- PROBLEM
The whole listing, exactly as given: write it out, leaving out each image.

- DATA TO PROCESS
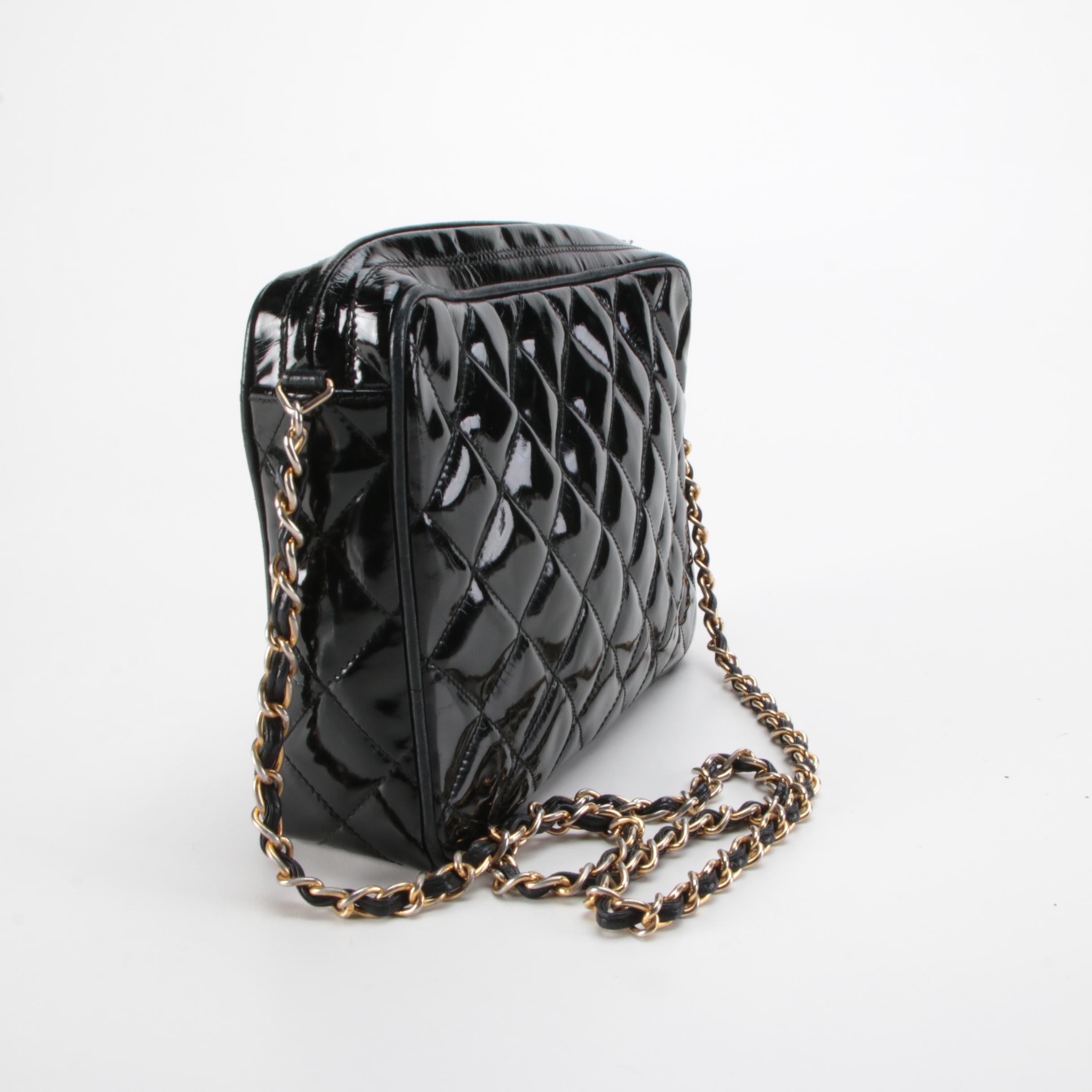Chanel CC Quilted Tassel Camera Bag in Black Patent Leather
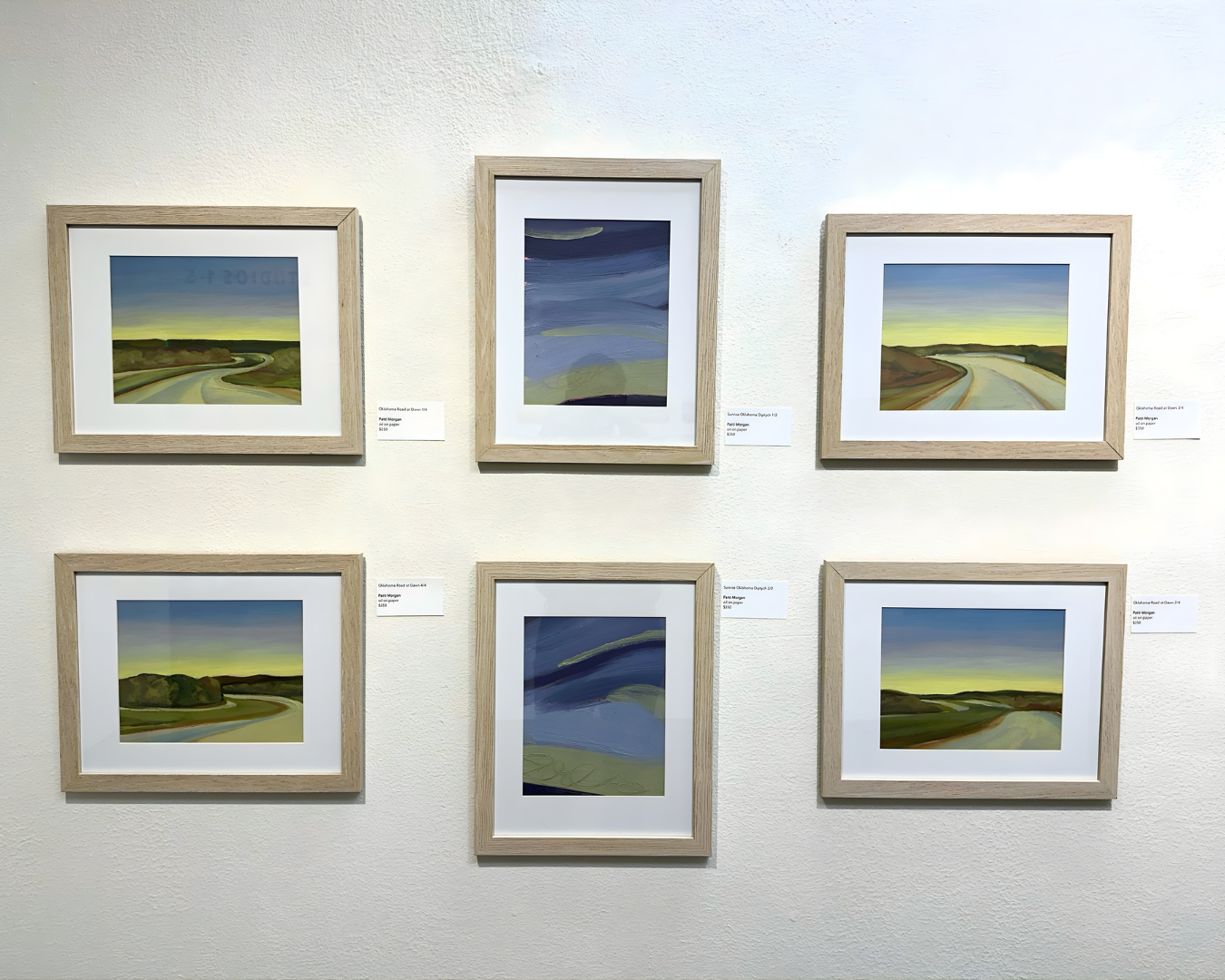 "Oklahoma Road at Dawn" - Set of 4, $350
"Sunrise Oklahoma Diptych" - $350 each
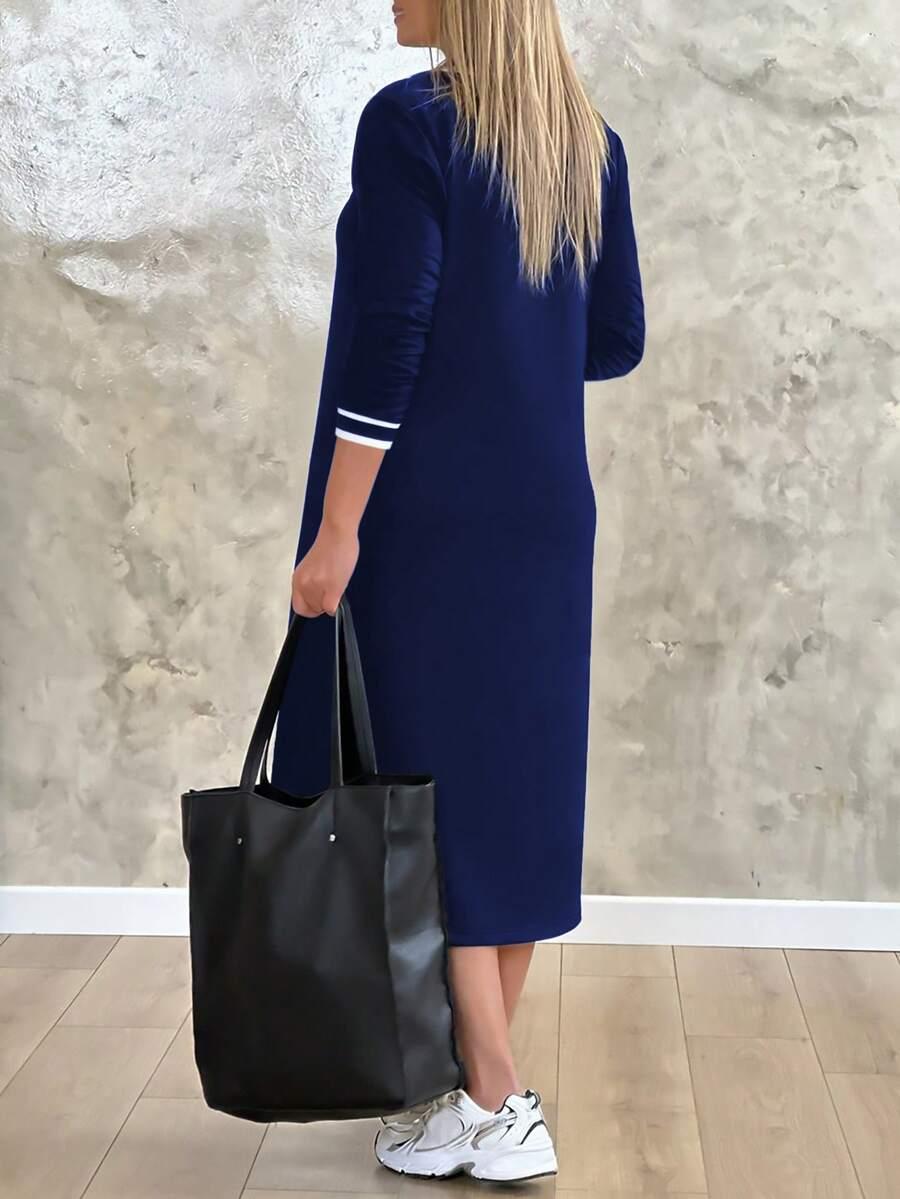 SHEIN GRANATOWA SUKIENKA V-NECK S06__L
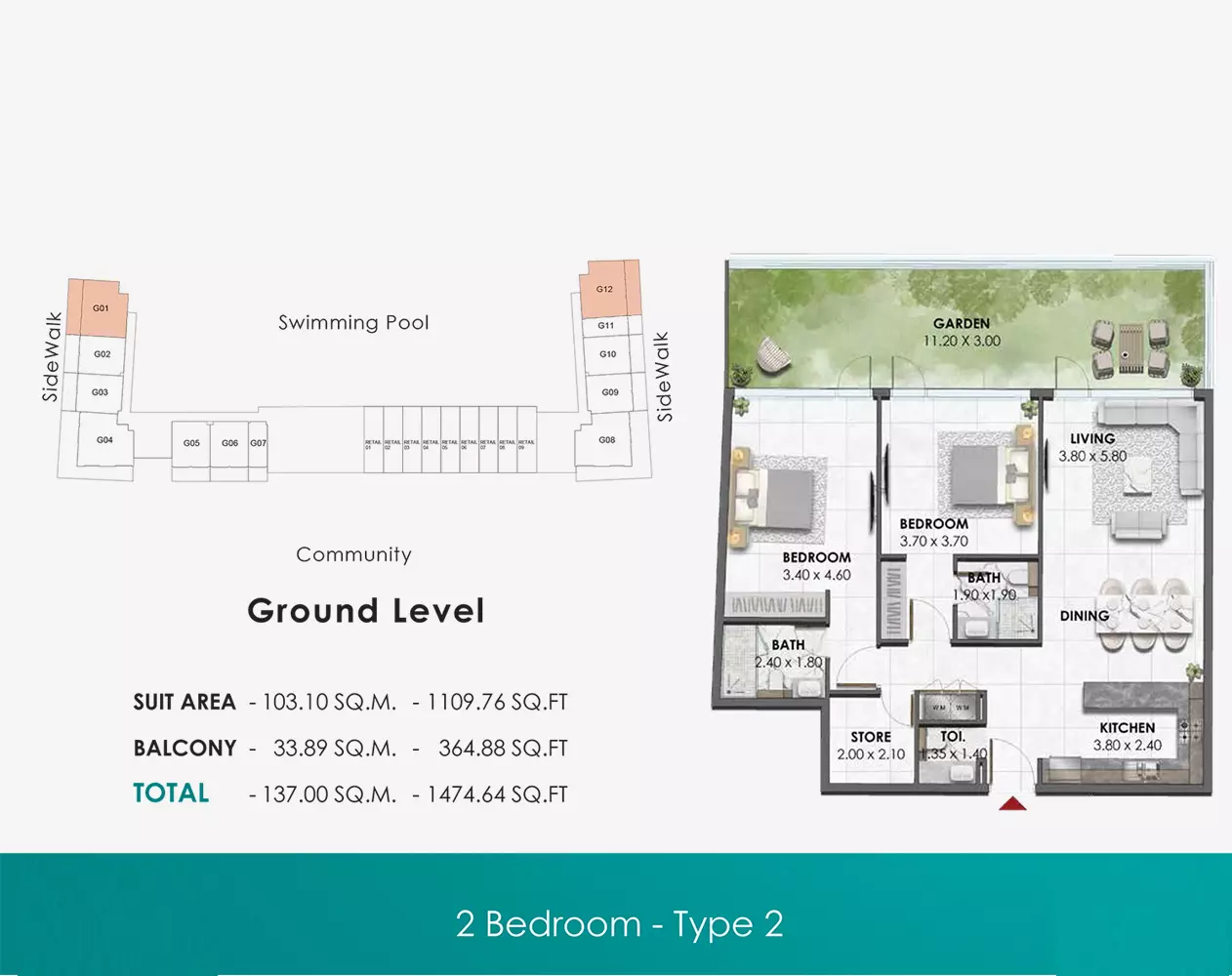 typeSize floor plan for Waref Residences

- EXPECTED ANSWER
Chanel CC Quilted Tassel Camera Bag in Black Patent Leather
 "Oklahoma Road at Dawn" - Set of 4, $350
"Sunrise Oklahoma Diptych" - $350 each
 SHEIN GRANATOWA SUKIENKA V-NECK S06__L
 typeSize floor plan for Waref Residences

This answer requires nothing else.